I just spent the last week in Lisbon, Portugal at the Resilience Engineering Symposium. Zoran Perkov and I were invited to speak on the topic of software operations and resilience in the financial trading and Internet services worlds, to an audience of practitioners and researchers from all around the globe, in a myriad of industries.
My hope was to start a dialogue about the connections we’ve seen (and to hopefully explore more) between practices and industries, and to catch theories about resilience up to what’s actually happening in these “pressurized and consequential”1 worlds.
I thought I’d put down some of my notes, highlights and takeaways here.
- In order to look at how resilience gets “engineered” (if that is actually a thing) we have to look at adaptations that people make in the work that they do, to fill in the gaps that show up as a result of the incompleteness of designs, tools, and prescribed practices. We have to do this with a “low commitment to concepts”2 because otherwise we run the risk of starting with a model (OODA? four cornerstones of resilience? swiss cheese? situation awareness? etc.) and then finding data to fill in those buckets. Which can happen unfortunately quite easily, and also: is not actually science.

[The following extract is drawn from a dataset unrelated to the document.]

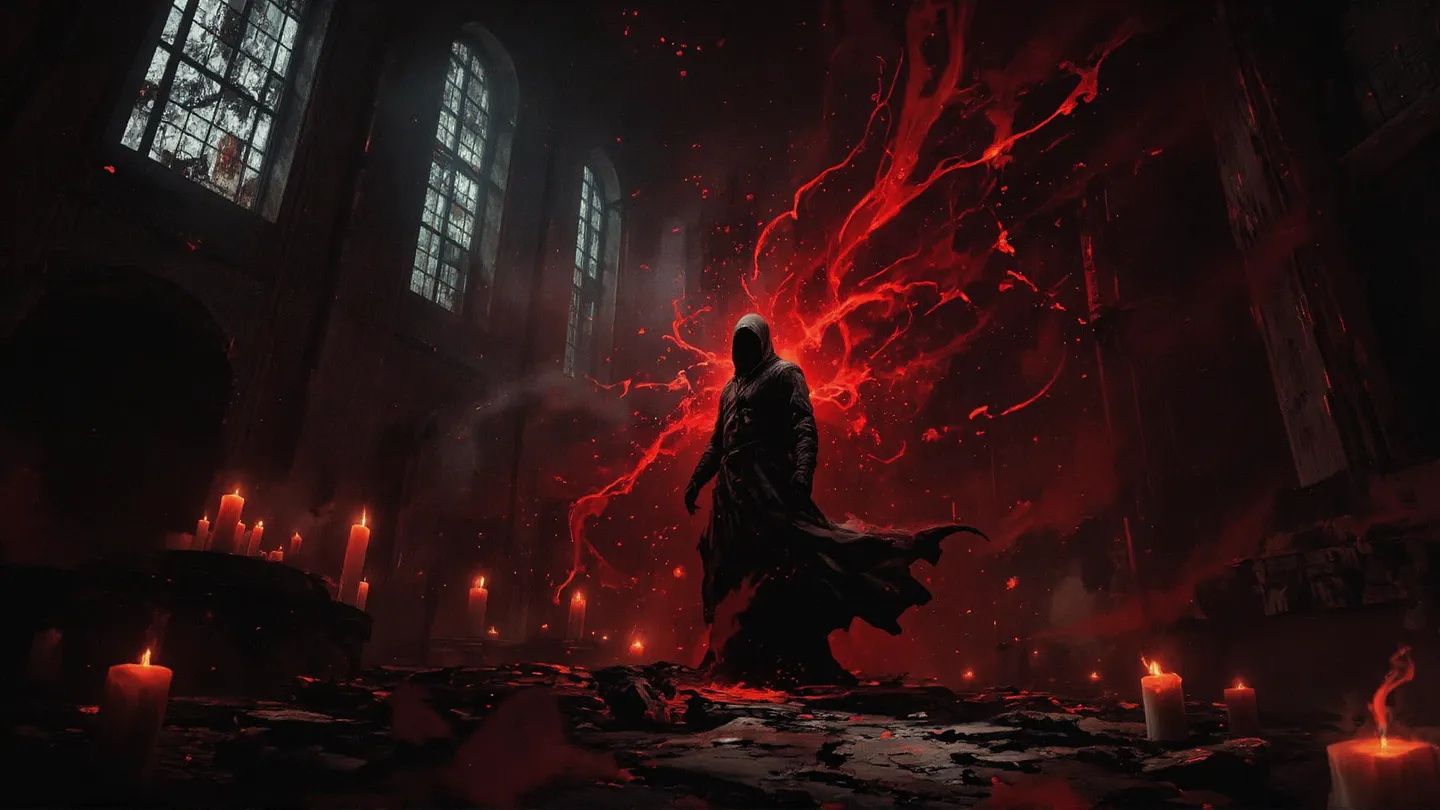 A hooded figure stands in a dim, crumbling cathedral surrounded by flickering candles and shattered stained glass, enveloped in swirling dark red mist.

- While I had understood this before the symposium, I’m now even clearer on it: resilience is not the same as fault-tolerance or “graceful degradation.” Instead, it’s something more, akin to what Woods calls “graceful extensibility.”
- The other researchers and practitioners in ‘safety-critical’ industries were very interested in approaches such as continuous deployment/delivery might look like in their fields. They saw it as a set of evolutions from waterfall that Internet software has made that allows it to be flexible and adaptive in the face of uncertainty of how the high-level system of users, providers, customers, operations, performance, etc. will behave in production. This was their reflection, not my words in their mouths, and I really couldn’t agree more. Validating!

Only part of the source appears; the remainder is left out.